Provably Correct Automata Embeddings for Optimal Automata-Conditioned Reinforcement Learning
Beyazit Yalcinkaya, Niklas Lauffer, Marcell Vazquez-Chanlatte, Sanjit A. Seshia
TL;DR
The paper tackles learning temporally extended tasks specified by deterministic automata in reinforcement learning by formalizing a DFA-conditioned MDP and proving PAC-learnability under finite DFA spaces. It then introduces a method to learn provably correct automata embeddings via a bisimulation metric learned together with a policy, ensuring that distinct embeddings correspond to non-bisimilar tasks. The encoder-based approach preserves task equivalence under bisimulation and yields improved downstream policy learning, as validated by experiments using a GATv2 DFA encoder with RAD DFAs. Overall, the work provides both theoretical guarantees and practical methods for sample-efficient, multi-task RL with runtime-specified temporal objectives.
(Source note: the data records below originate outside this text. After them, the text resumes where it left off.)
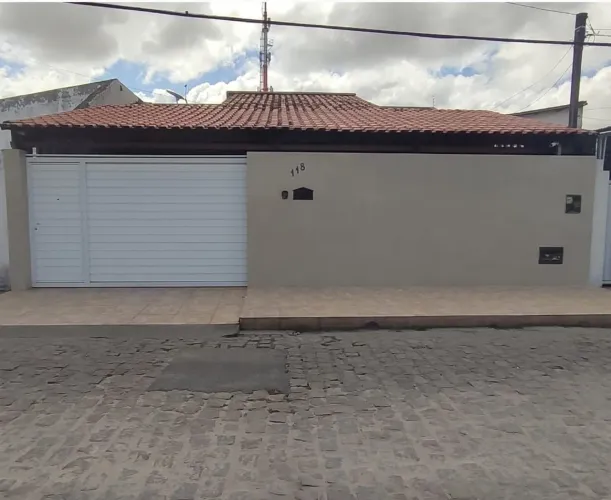 Casa à venda por R$ 600.000,00 - Mangabeira - João Pessoa/PB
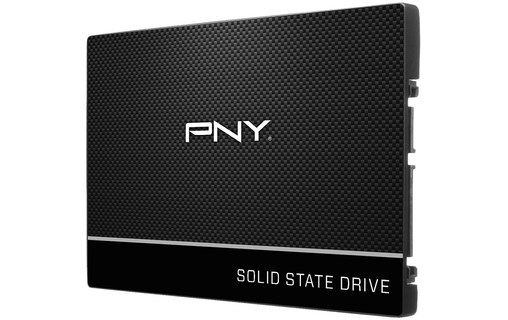PNY CS900 250 Go - SSD 2,5" TLC
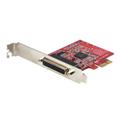 Startech PEX4S952 4 Port PCI Express Serial Card Startech PEX4S952 4 Port PCI Express Serial Card
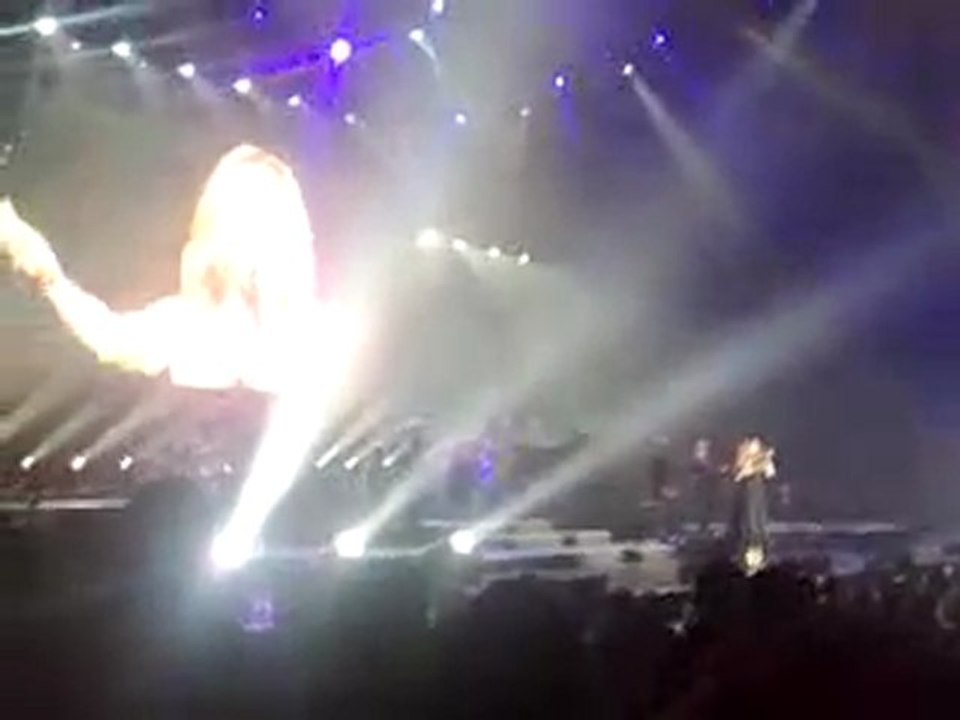 CELINE DION MEXICO - MY HEART WILL GO ON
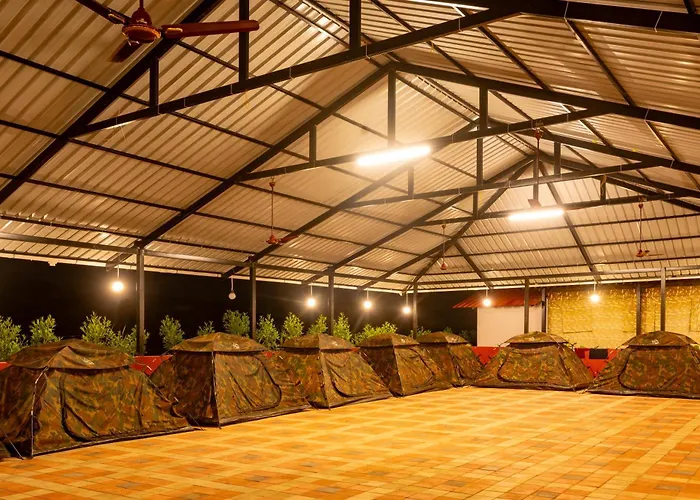 Dandeli Serene Jungle Resort
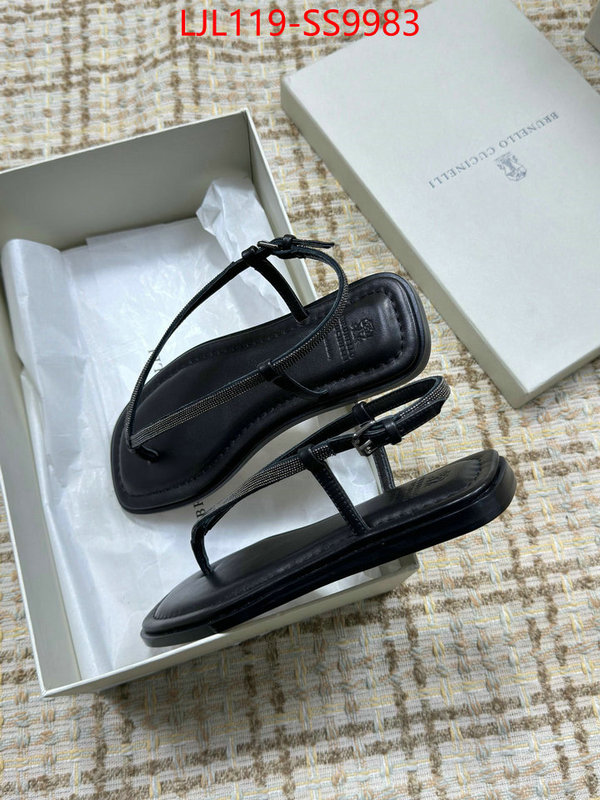 Women Shoes-Brunello cucinelli online sale ID: SS9983 $: 119USD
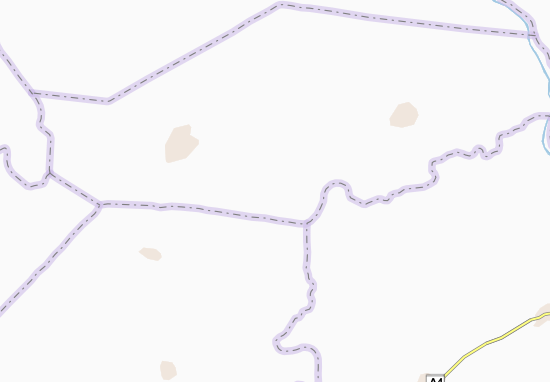 Zéménafla Map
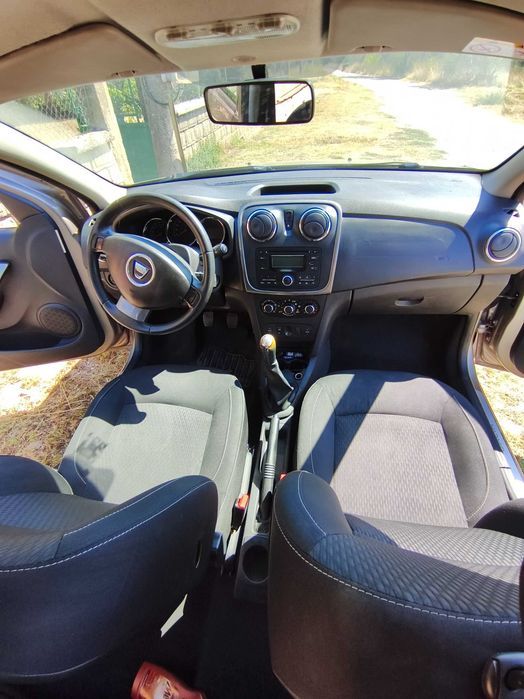 Dacia Logan mcv 0.9 TCE LPG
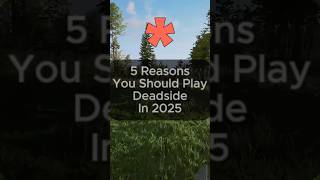 Why You Should Play Deadside (5 Reasons)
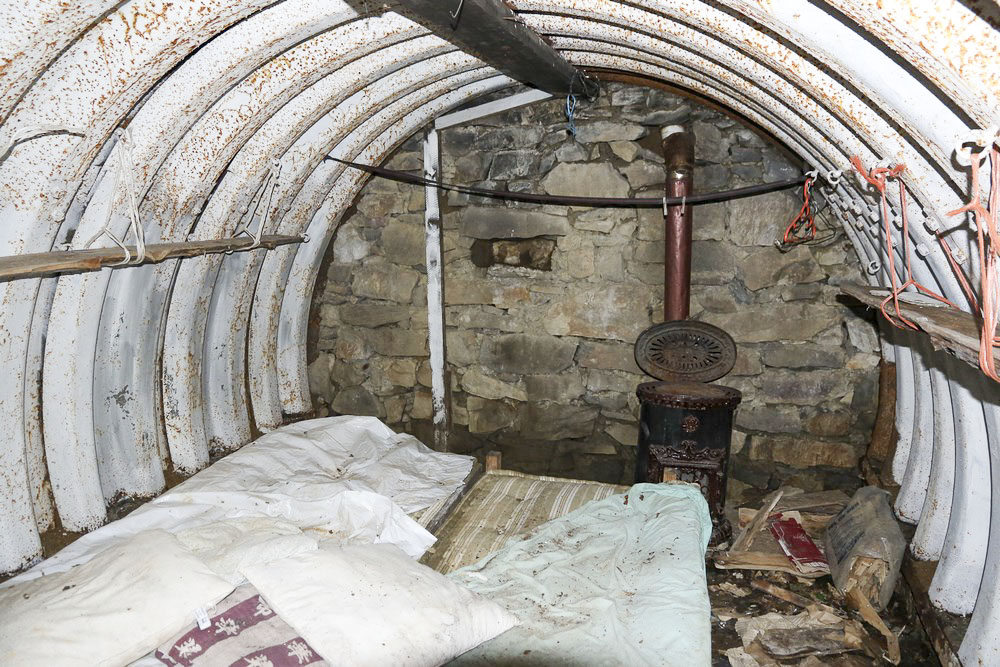 Ligne Maginot - LAC DU CHATELARD - (Abri) -  - Alain Perouffe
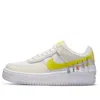 Nike (wmns)  Air Force 1 Shadow Se 'pale Ivory Light Zitron' In White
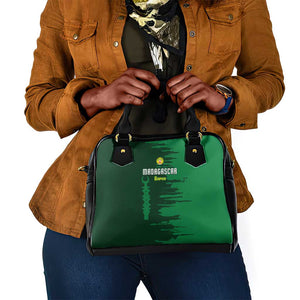 Madagascar Football Shoulder Handbag Go Champions - African Pride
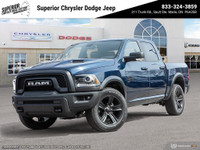 2023 Ram 1500 Classic WARLOCK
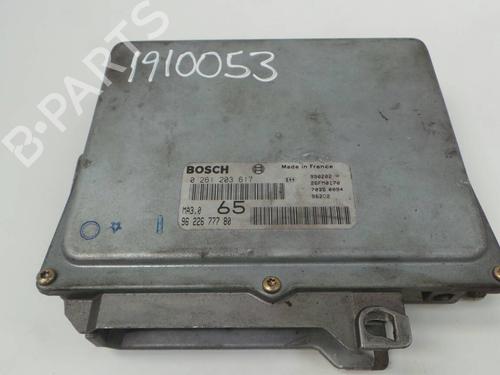 Used Engine control unit (ECU) PEUGEOT 106 I (1A, 1C) 1.0 (50 hp) 4634973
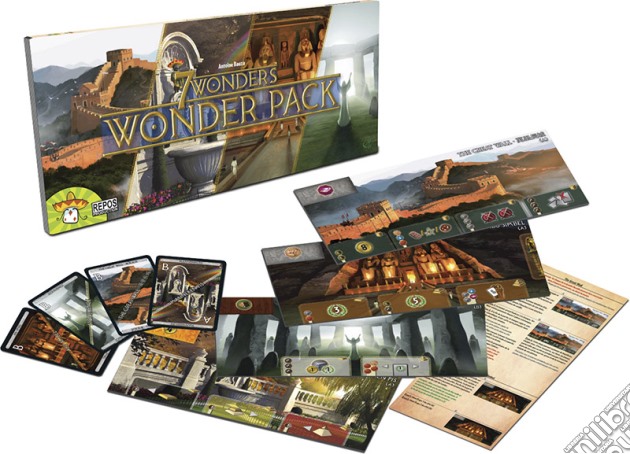 7 Wonders esp: Wonder Pack gioco di GTAV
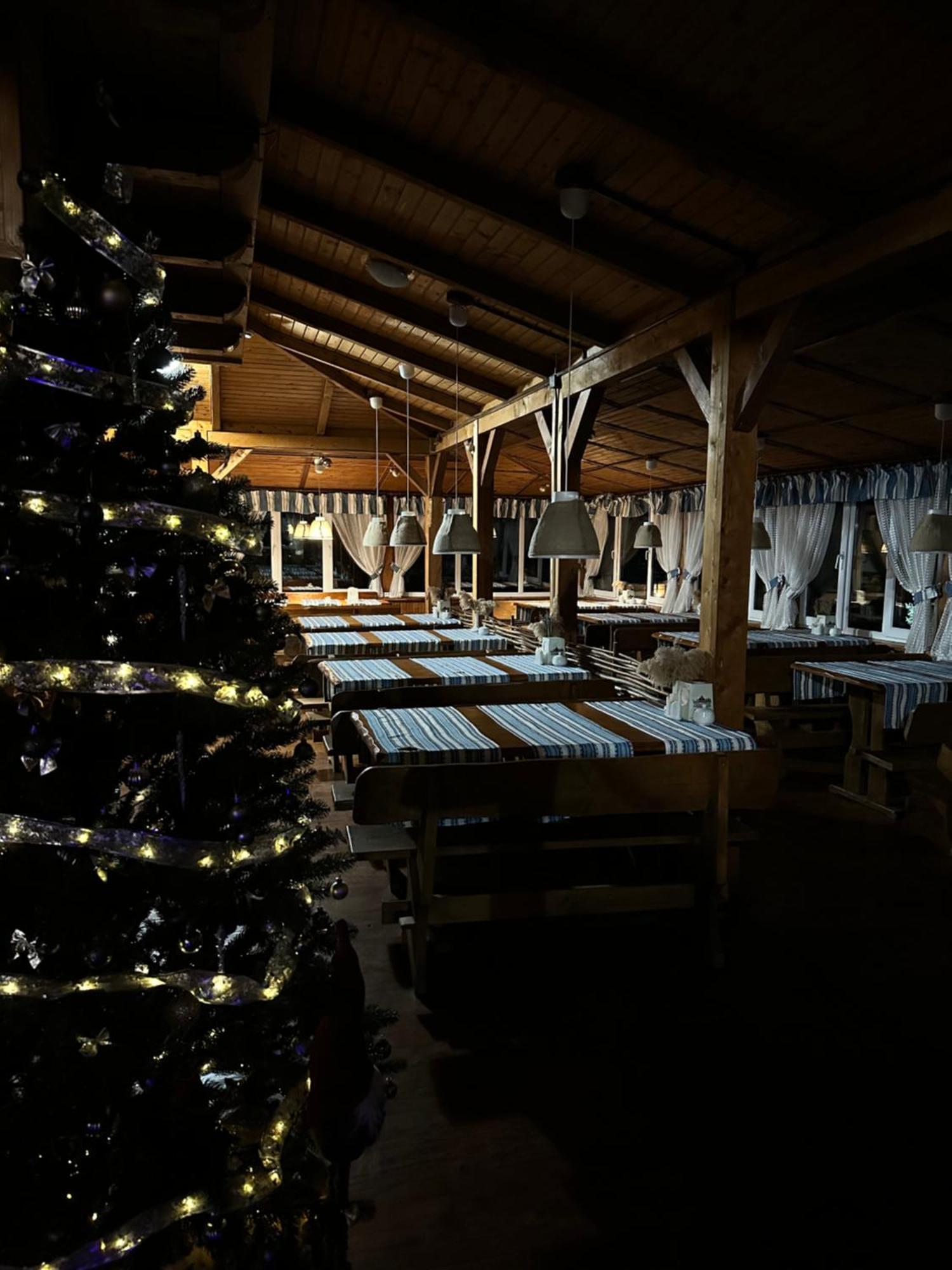 Chalet Filvarok Slavske Exterior foto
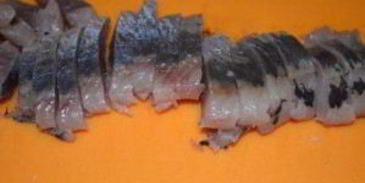 селедка под шубой праздничная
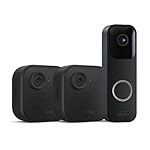 Blink Video Doorbell + 2 Outdoor 4 smart security cameras (4th Gen) with Sync Module 2 | Two-year battery life, motion detection, two-way audio, HD video, Works with Alexa - Image 2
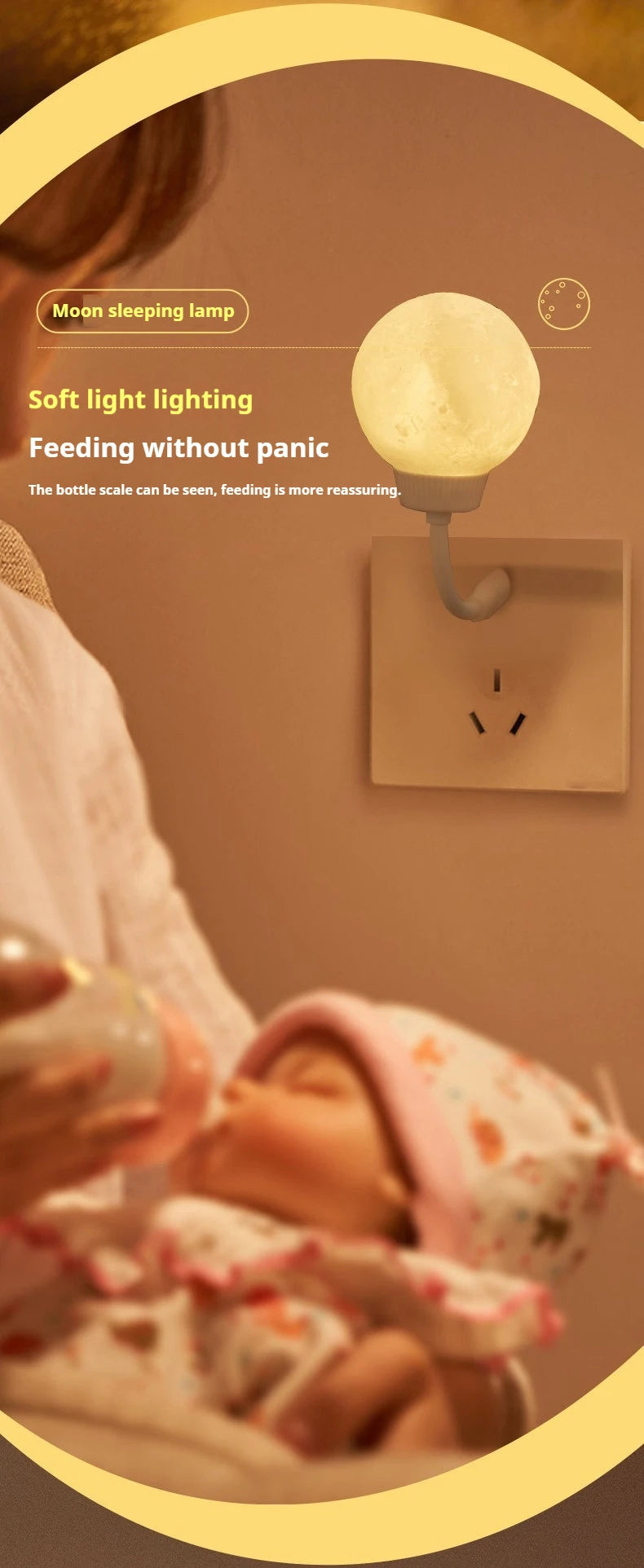 Veilleuse Ours USB Télécommande - TeddyRemote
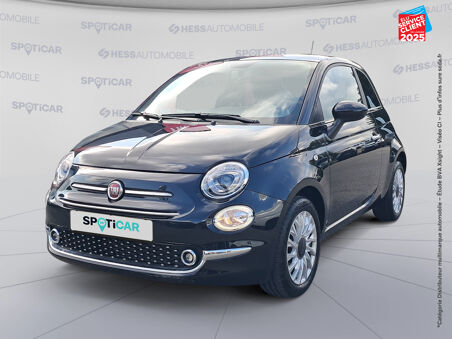 FIAT 500 1.0 70CH BSG SS
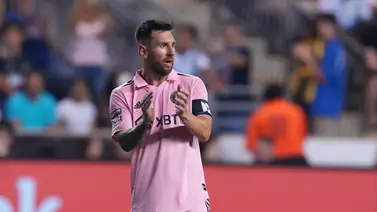 Inter Miami con todo para disputar la final de la Leagues Cup Inter Miami con todo para disputar la final de la Leagues Cup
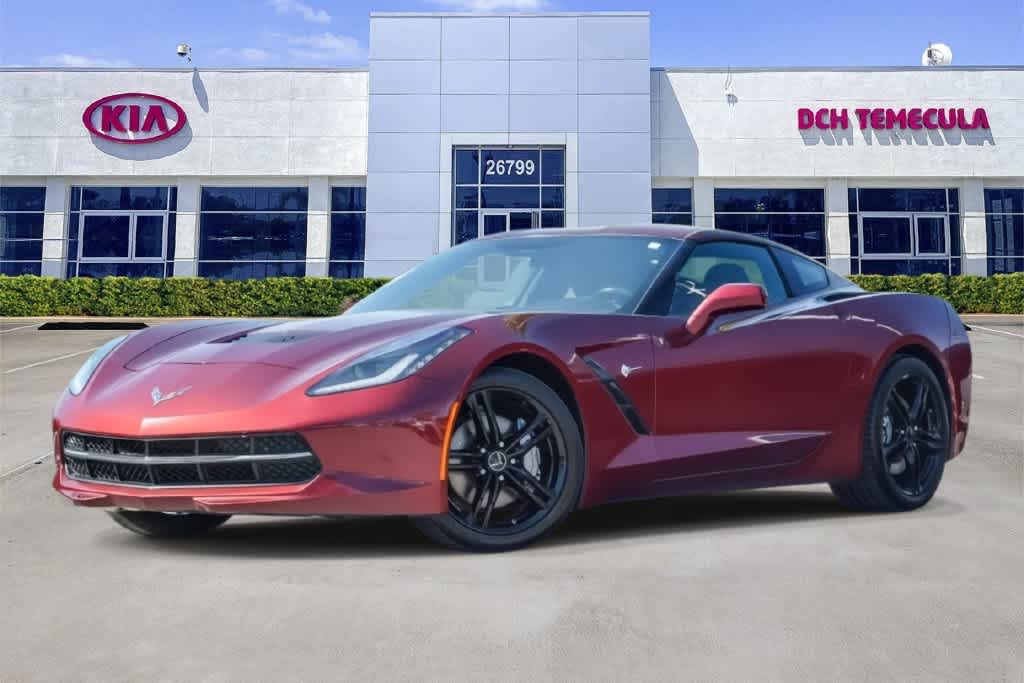2017 Chevrolet Corvette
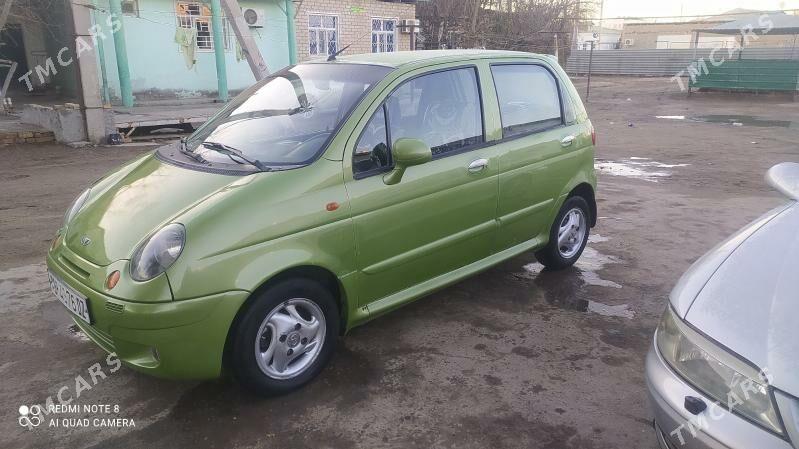 Daewoo Matiz 2002 - 40 000 TMT - Daşoguz - img 1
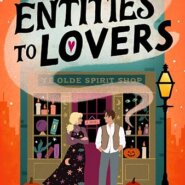 Spotlight & Giveaway: Entities to Lovers by Mallory Marlowe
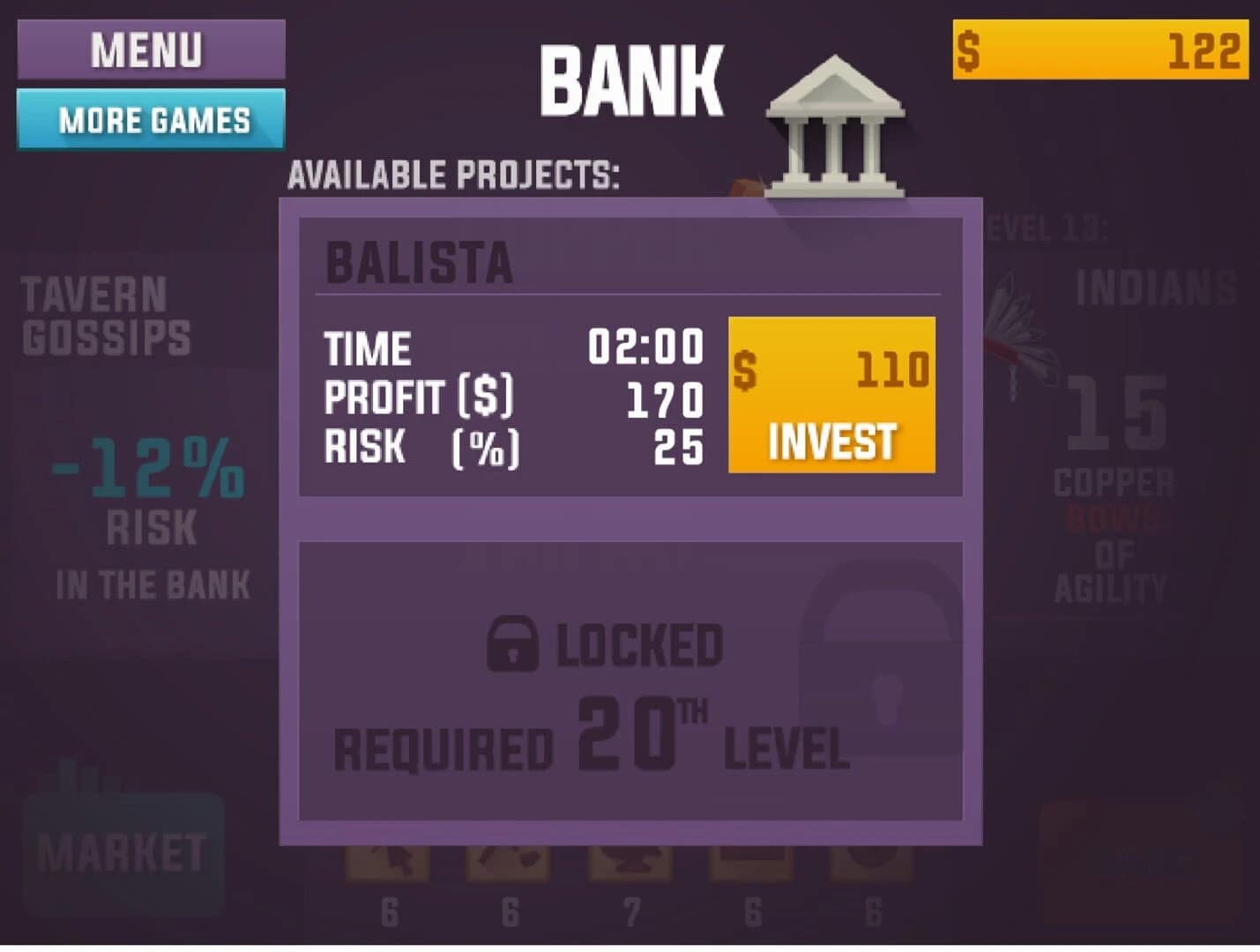 Blacksmith Lab screenshot 2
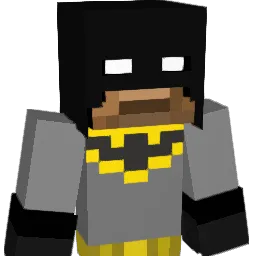 Roby89 Minecraft avatar bust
This advances principled automata-guided RL by tying task representations to formal equivalence through bisimulation and embedding learning.
Abstract
Automata-conditioned reinforcement learning (RL) has given promising results for learning multi-task policies capable of performing temporally extended objectives given at runtime, done by pretraining and freezing automata embeddings prior to training the downstream policy. However, no theoretical guarantees were given. This work provides a theoretical framework for the automata-conditioned RL problem and shows that it is probably approximately correct learnable. We then present a technique for learning provably correct automata embeddings, guaranteeing optimal multi-task policy learning. Our experimental evaluation confirms these theoretical results.